Puntuale, come in ogni caso di “malapolizia”, è giunta una presa di posizione dell’Associazione Nazionale Funzionari di Polizia – dall’inquietante titolo ‘Solidarietà al collega Carlo Baffi e fiducia nella magistratura” – che invita gli inquirenti e i giornalisti a non associare il personaggio all’estrema destra, in quanto nella sua casa sarebbe stato trovato un non meglio precisato materiale di ‘estrema sinistra’, per altro ritenuto non interessante e non pertinente dai magistrati. Insieme a libri di chiaro stampo antisemita – «Come riconoscere e spiegare l’ebreo», «La difesa della razza», «Mein Kampf» – gli agenti avrebbero trovato anche «La questione ebraica» di Marx. Un libro che Baffi, ammesso che l’abbia letto, avrà trovato assai poco pertinente alle ideologie complottiste e paranoiche che caratterizzano l’estrema destra. Ma la differenza sfugge al sindacato di Polizia che scrive: “Ci auguriamo, dunque, che le indagini in corso possano essere svolte con la necessaria serenità, imparzialità e completezza, attraverso l’analisi e l’acquisizione di tutta la documentazione potenzialmente utile a ricostruire i fatti accaduti e la complessiva personalità degli indagati e non solo di parte di essa”.
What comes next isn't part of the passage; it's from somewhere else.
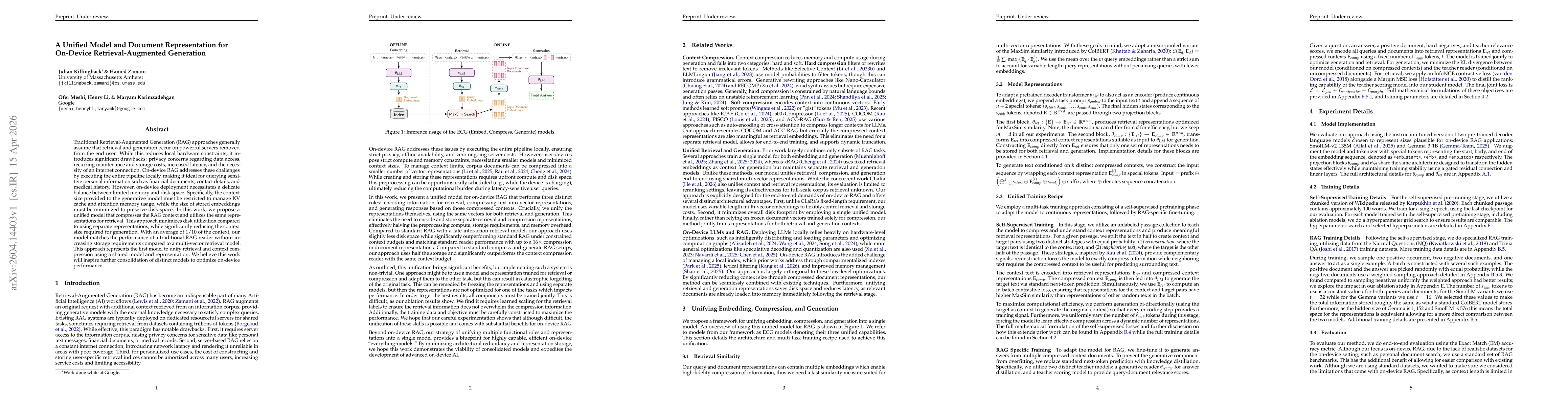 Thumbnail for A Unified Model and Document Representation for On-Device Retrieval-Augmented Generation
Una dura presa di posizione è venuta sulla vicenda da parte delle istituzioni della comunità ebraica locali e nazionali. Che però considerano, come spesso avviene, solo alcuni aspetti della vicenda – l’antisemitismo – e non la denunciano per la gravità che essa acquisisce in un contesto di crescente complicità tra apparati di ordine pubblico e pratiche criminali ispirate alle ideologie del neofascismo e del neonazismo. Basterebbe citare il voto massiccio dei poliziotti ateniesi per i neonazisti di Alba Dorata o le complicità e le coperture accordate negli ultimi anni ai killer neonazisti della ‘banda del kebab’ in Germania, solo per citare alcuni esempi, per dar conto di un fenomeno che va molto al di là dell’aumento dell’antisemitismo pure giustamente denunciato dai portavoce delle istituzioni ebraiche rispetto alla vicenda triestina. Non fosse altro che per il fatto che le vittime del poliziotto fascista e xenofobo sono, per quello che finora è dato sapere, tutti cittadini stranieri.